American’s merger will be the latest in a string of consolidations in recent years: US Airways and America West in 2005, Delta and Northwest in 2008, Continental and United in 2010, and Southwest and AirTran in 2011.
“It’s not good because competition is one of the No. 1 drivers of price,” Seaney said.
Aside from price, he says, travelers can expect to see a list of changes, ranging from the websites to frequent flier programs. Seaney expects US Airways’ passengers on the Star Alliance program to be shifted to American’s OneWorld.

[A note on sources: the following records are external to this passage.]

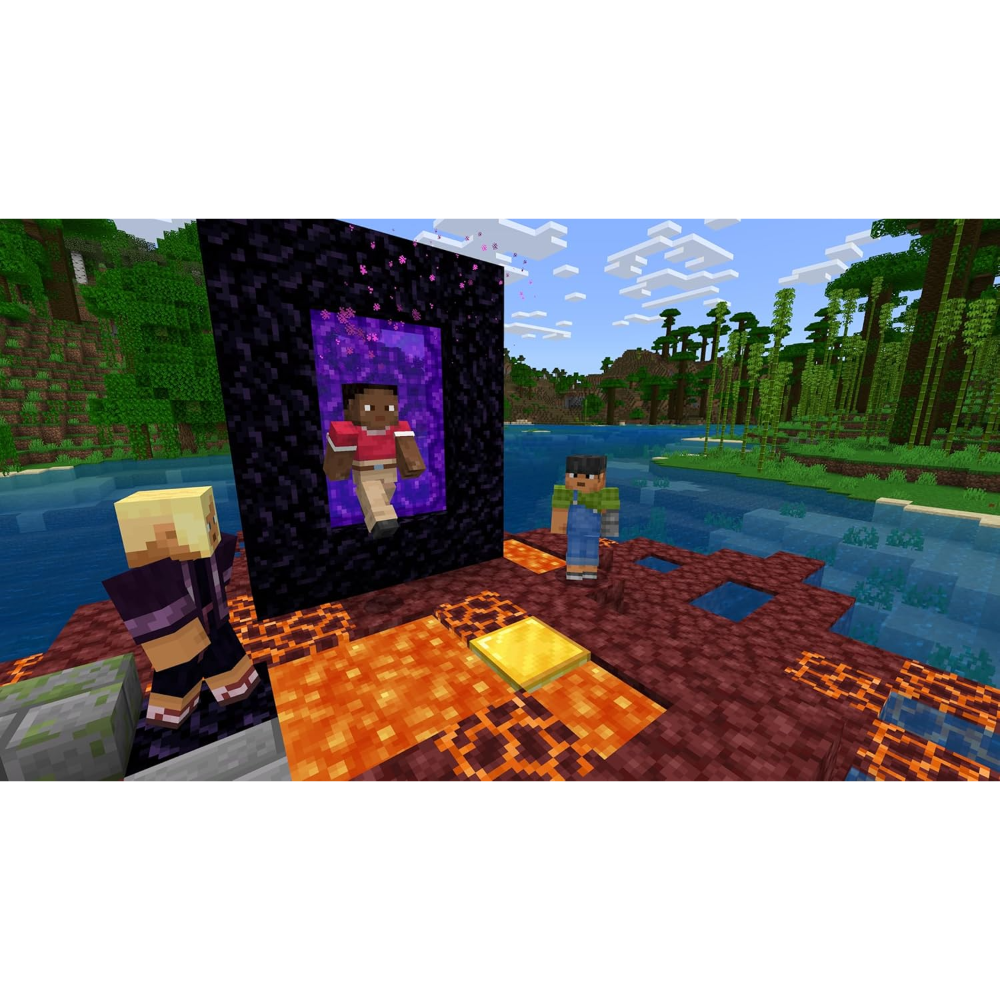 Minecraft - PS5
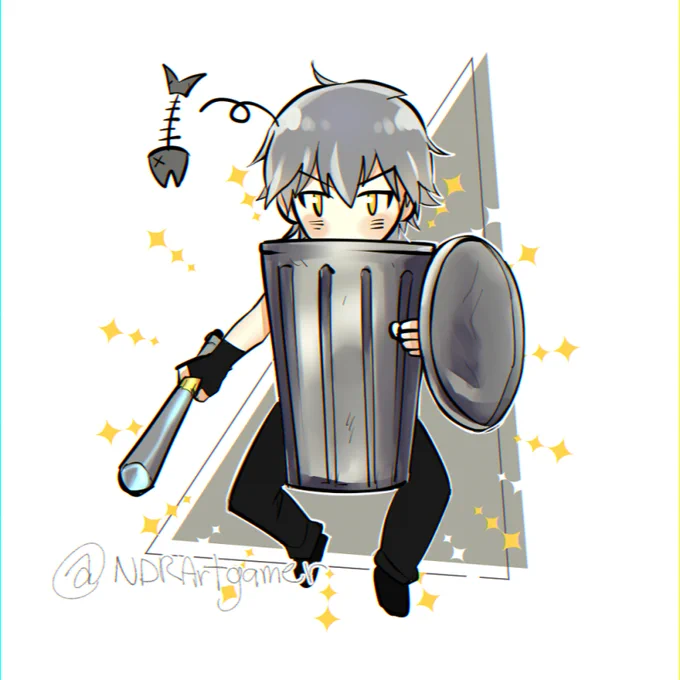 โย่ว และนี่คือเสียงจากเด็กถัง #honkaistarrail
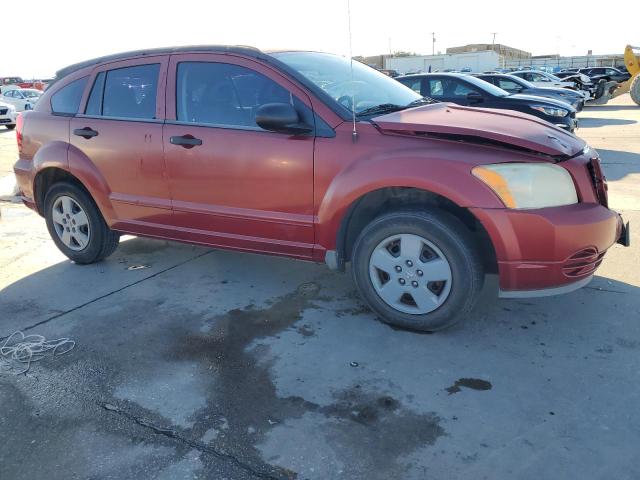 Photo 4 from auction – 2008 DODGE CALIBER with VIN 1B3HB28B78D634801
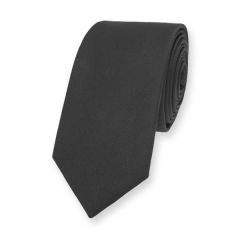 Krawatte schwarz lio
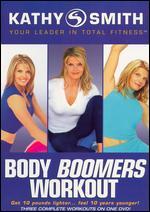 Kathy Smith: Body Boomers Workout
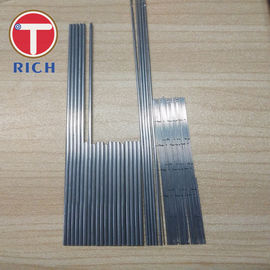 Хорошая цена. Сваренная трубка GB/T12771 12Cr18Ni9 06Cr18Ni11Ti точности стальная подгоняла длину онлайн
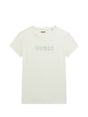T-shirt Guess jr Bambina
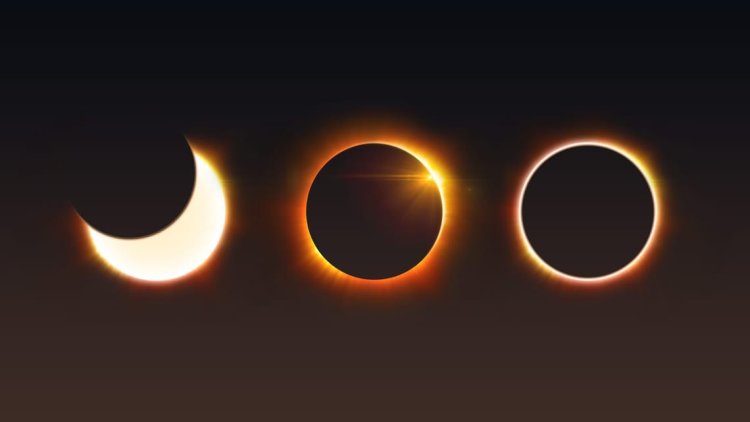 ¿Será visible el ‘anillo de fuego’ del eclipse solar en Paraguay este 2 de octubre?"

He fully expects glitches in the transition, like when United absorbed Continental’s frequent fliers last year. Passengers complained of massive problems with the computer switchover. Callers, trying to report problems, were put on hold for hours. Odd balances showed up in frequent flier accounts. The airline added hundreds of call center workers to eventually fix the problem.
Also varying fees between the two carriers will have to be sorted out. Already American and US Airways charge among the highest fees in the industry. Both share similar baggage fees –– $25 for the first checked bag –– but other random fees vary. For instance, a pillow and blanket costs $7 on US Airways. American offers them for free.
Yet a merger will also drastically expand American’s network and likely offer customers more direct flights to more destinations. US Airways officials have said the new company would keep the American Airlines name and the headquarters in Fort Worth.
“As far as I’m concerned, we’re going to have a healthy, much bigger, much more global company based in Dallas,” said Mark Drusch, an industry analyst. “The Dallas hub will be a bigger hub managed by a very successful company.”
And some studies show airline prices may not climb all that much. A recent study by professional services firm PwC US concluded that airline mergers have actually not led to higher fares.
The report found average domestic ticket prices remained almost the same from 2004 to 2011, when inflation is factored in.
“The merger itself is unlikely to have a direct impact on airline prices,” said Jonathan Kletzel, one of the study’s authors.
He adds fares have climbed in recent years, but for reasons ranging from fuel prices to the economy. Plus extra fees have certainly soared, meaning passengers are in fact “paying a higher ‘effective’ price for their travel,” the study found.
Yet Kletzel’s research found fewer airlines didn’t necessarily mean less competition. Carriers tend to merge with companies that serve different cities.
“You won’t see a whole lot of overlap in their route structure,” Kletzel said. “So it’s really more of a complimentary addition to their network … You're seeing other competitors come in and take their slots.”